We who have always associated ‘Black Friday’ with Friday the 13th (unlucky for some), were no doubt confused by the retail rallying call of the past week.

According to McCrindle Research, the US concept of Black Friday (the day after Thanksgiving), is gaining traction in Australia.  Back in 2017, a McCrindle survey showed that 1 in 4 (24%) of Australians had never heard of Black Friday. Two years on, only 6% of Australians have never heard of Black Friday. This year’s research showed that almost 45% of respondents were going to take advantage of sales and discounts.

In the US, Black Friday (the day after Thanksgiving), is a signal for 100 million Americans to walk off their turkey dinners and go shopping.  Americans typically spend more than US$50 billion on this one day.

She Who Researches Before Buying was following me around one of Brisbane’s biggest retail barns on Sunday. The shopping list was (1) a smart TV (2) a portable air conditioner (3) a microwave (4) a vacuum cleaner and (5) an entertainment unit. SWRBB had decided that only item 2 was needed immediately. Things changed once we entered the blissfully chilled domain of a category killer retailer (when I say chilled I refer to the room temperature, not the ambient noise level).

We’d done a bit of research into items 1 and 2, so were quickly persuaded by the price of the short-listed TVs (both $250 below the RRP). Those of you who shop early and often will know that RRP stands for recommended retail price. Since the majority of such items began to emerge from factories in China, very few retailers insist upon RRP. I’m not privy to the wholesale figures, but it’s a fair bet that 30% off something made in China still allows the retailer to make a profit.

This might be a good time to confess that my One And Only (O&O) and I, to borrow a term of endearment from blogger Kathryn Johnston, are the most sales-resistant people outside of hard-core hippies and those with no cash or credit. When we buy big-ticket retail items, the drill is that I produce my credit card and between us we pay the balance off at the end of the month. Did I mention we had earlier bought two ceiling fans from a lighting sales room which cried out ‘while you are here’ ?

Back at the big barn front counter, after resisting attempts to have us upgrade to a five-year warranty, I noticed a sign warning buyers that TVs 55 inches or bigger may not fit into a normal vehicle. Time to tell us now.
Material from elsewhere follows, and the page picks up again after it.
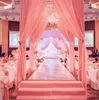 Wedding Stage Decoratie 1m breed spiegel tapijt Shine Silver Tapijt Aisle Runner voor romantische gunstenfeest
After heading to despatch behind the enormous tilt-slab warehouse, we encountered a fit-looking guy who checked out the vehicle. He suggested we move this here and that there and let the back seats down. Between us we got the 55 inch TV into the vehicle, leaning it on the portable air conditioner (itself a substantial package) the two fans, an esky, two folding chairs, a bag of dog crunchies and a yoga mat. Wisely, we left the microwave, entertainment unit and vacuum cleaner for another day, vowing to shop locally.

In relating this rare venture into retail sales, I am more aware than ever that while the car park was full and people were milling about purposefully, the latest studies on consumer confidence suggest the retail sector is in recession. Even the most bullish retailers concede they are unlikely to set new spending records this month. I genuinely wish it were different, as a few people I know work in retail (and a few more that work part-time).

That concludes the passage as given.